Toy Story

As the first fully computer animated feature film and the first cinematic release for PIXAR studios, Toy Story is an important piece of film history. Without its success, we might never have seen PIXAR make it into the 2000s and it could have been some time before computer animation came to fruition as an art form. Luckily Toy Story was a massive success both financially and with critics, proving the viability of computer animation and leading to some of the best films of the last several decades.

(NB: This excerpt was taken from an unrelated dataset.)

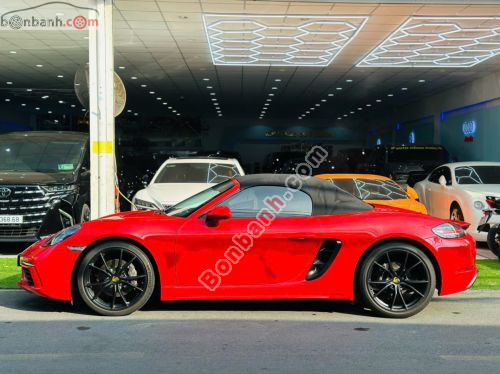 Porsche 718 Boxster 2.0 AT 2019 - ảnh 3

Toy Story follows Woody- a sheriff doll- as he struggles to remain the favourite toy of “his child” Andy after the arrival of a Buzz Lightyear action figure. Toy Story is one of the first films I remember watching, and as a result finds itself the foundation of my love for cinema. Though to many Tom Hanks may be remembered as Forrest Gump, to me, he will always be Sheriff Woody… even though, Woody as a character is rather mean and petty in retrospect. You sympathise with him because he is an excellent leader to the rest of Andy’s toys, recalling them by name and informing them of updates in Andy’s life; h appears to be a wonderful sheriff. but upon Buzz’s arrival he is overcome with jealousy and spite, which only grows as the film progresses. You continue to sympathise, because it clearly isn’t easy for him having to face losing the title of “Andys favourite toy” to a toy who doesn’t even believe he’s a toy. Furthermore, he is stranded alone with Buzz through a majority of the movie and eventually befriends him. In short, Sheriff Woody is a victim of the plot, being tossed around at will but in a bizarre way, he almost deserves it.

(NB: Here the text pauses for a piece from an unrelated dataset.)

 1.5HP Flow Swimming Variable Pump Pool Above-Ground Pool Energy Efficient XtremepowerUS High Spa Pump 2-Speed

What interests me the most about this concept is not only how Woody remains likable, but how dark the studio originally wanted to take him. Each feature film seems to have a “moment during production”, be it large or small, and for Toy Story, this moment is known as The Black Friday Incident. On November 19th 1993, with half of the film ready to show, it was screened to executives at Walt Disney Studios. Throughout production they had told PIXAR to make the film edgier, but after watching the film reel they decried that the film was too dark for children and would have to be re-done. In a move that should really be common practice by now, the corporation returned full control of the project to PIXAR who, in turn, produced the form of Toy Story that is now held in such high regard. I would be fascinated to see this Black Friday reel, but sadly only snippets of it exist online. Some of that cynical edge survives in the form of Andy’s neighbour Sid Phillips. This isn’t simply some troubled child, he’s straight up sadistic. He still creeps me out.

After 25 years, the animation now seems a little simplistic. The textures are noticeably flat on occasion and the children all look similar. The outsides of houses are fairly standard and there is a vast lack of them in several scenes. I don’t care though and, given Toy Story‘s continued popularity, neither does anybody else. It isn’t bad animation, it’s simply the very first of its kind. Any lack in visual quality is more than made up for with great writing, memorable characters and me-defining humour. I still call people “uncultured swines” on a weekly basis. Toy Story kickstarted an art form and a studio. I’m very glad to see how fondly it has been remembered. I feel that it will remain a classic for generations to come.